(Stored data)
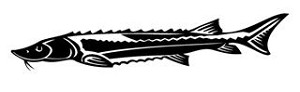 Fish v4 Decal Sticker 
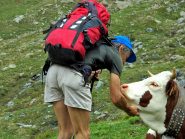 Una mucca che non disdegna le coccole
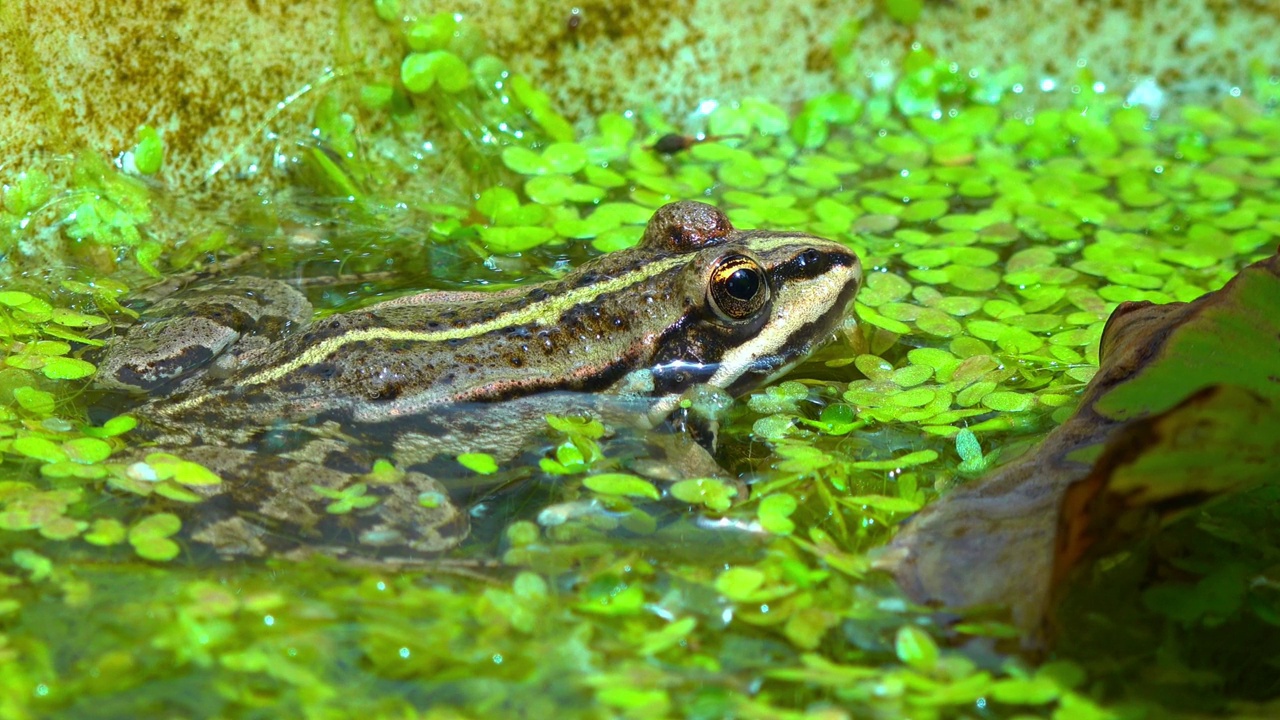 沼泽蛙(Pelophylax ridibundus)，蛙在水中浮萍之间视频素材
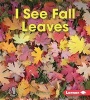 I See Fall Leaves (Hardcover) - Mari Schuh Photo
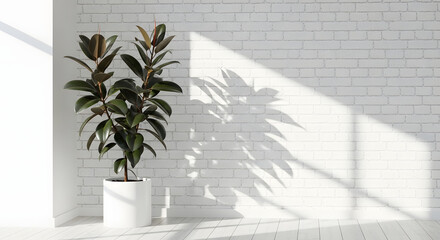 Modern Ficus Plant in Minimalist Room with White Brick Wall Background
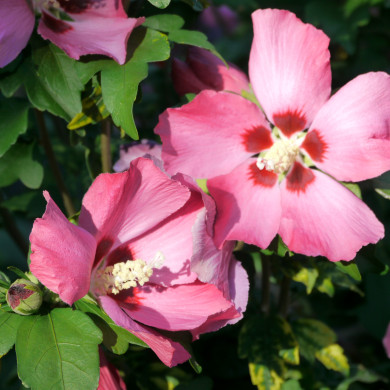 Hibiscus syriacus 'Woodbridge'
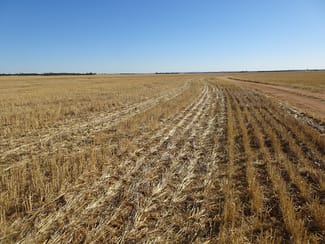 Rural / Farming commercial property sold at 3397 Bendering Road Kondinin WA 6367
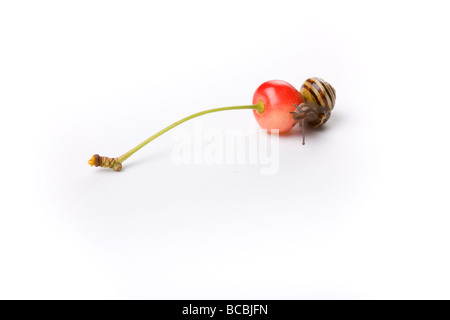 Petite cerise rouge juste tombé d'un arbre studio shot contre fond blanc avec Randy garden snail équilibrant sur le dessus de la cerise Banque D'Images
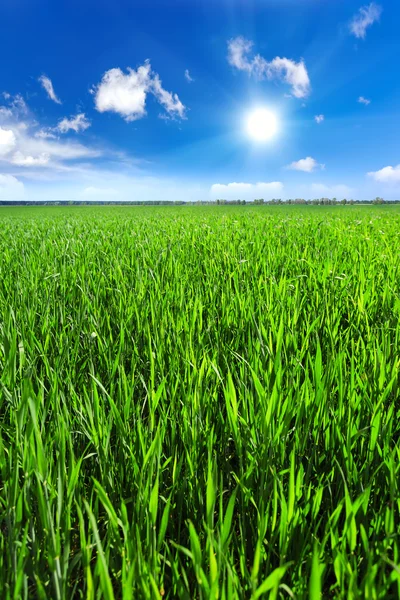 Green field — Stock Photo, Image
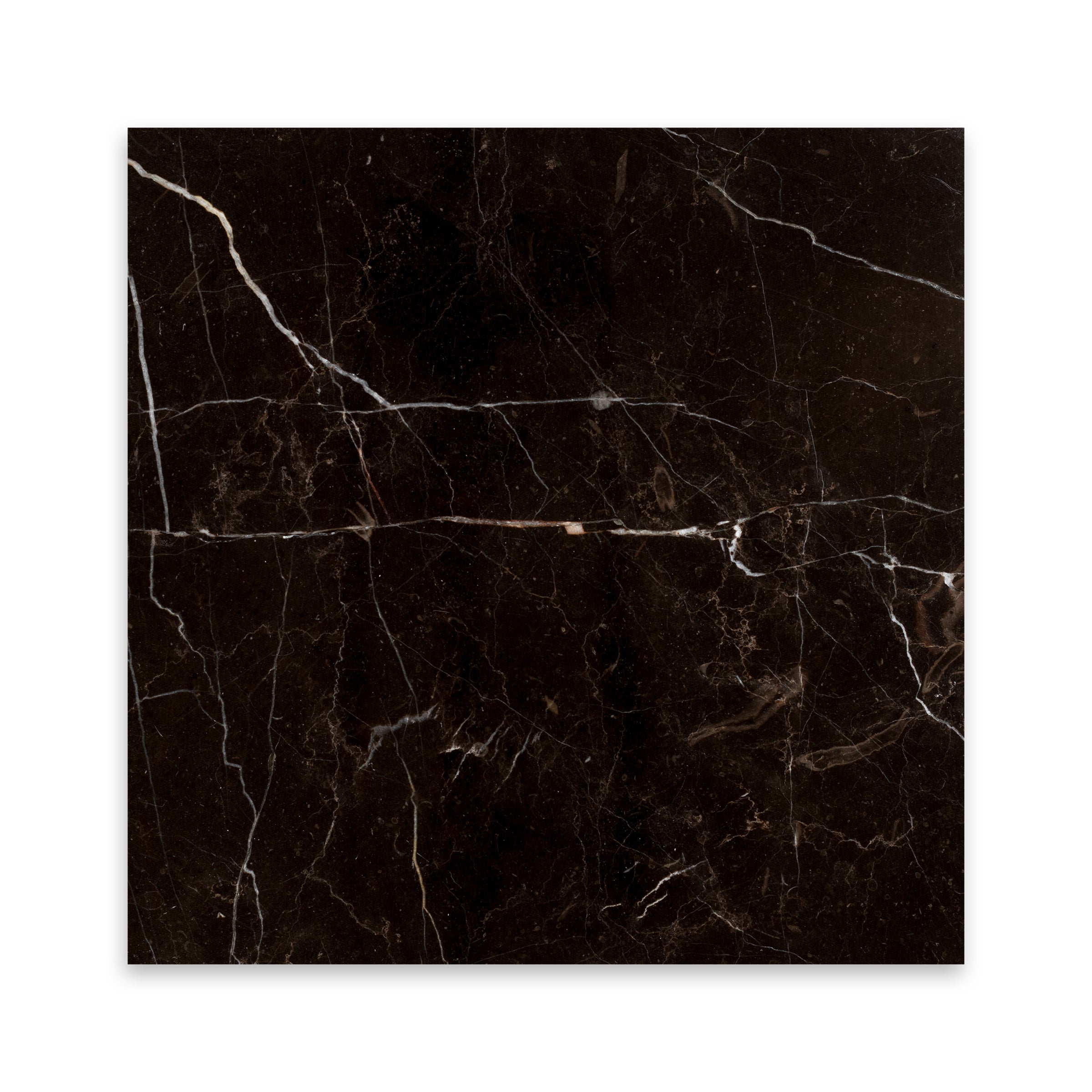 SAINT LAURENT BROWN: Marble Square Field Tile (18"x18"x1/2" | Polished)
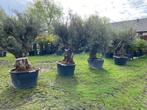 Mediteraanse sfeer op terras/of in de tuin/Nieuw olijfbomen, In pot, Olijfboom, Zomer, Volle zon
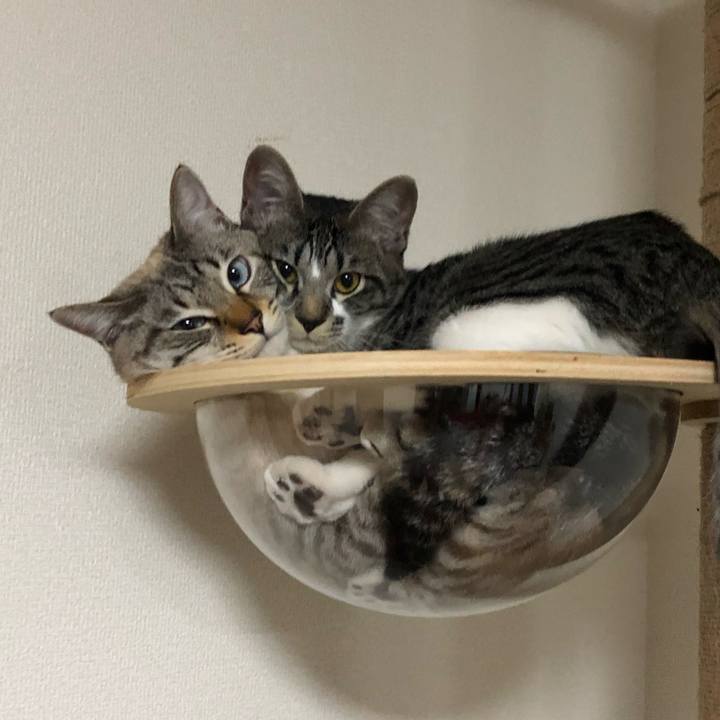 063afbd1 898a 45c3 84ca 70577c9aaf3c 1643546504500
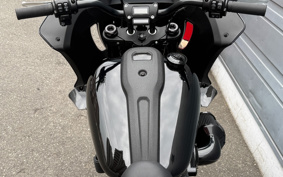 HARLEY FXLRST 2024 YXZ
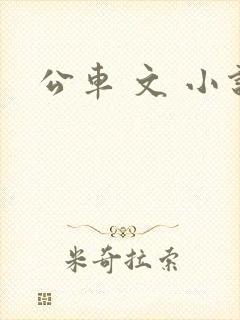 公车 文 小说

→ Instructions to follow
Using the records above, print exactly the run of lines that starts with the line with "Petite cerise rouge" and goes on through the line with "SAINT LAURENT BROWN: Marble", pictures excluded.

→ Response area
 Petite cerise rouge juste tombé d'un arbre studio shot contre fond blanc avec Randy garden snail équilibrant sur le dessus de la cerise Banque D'Images
 Green field — Stock Photo, Image
 SAINT LAURENT BROWN: Marble Square Field Tile (18"x18"x1/2" | Polished)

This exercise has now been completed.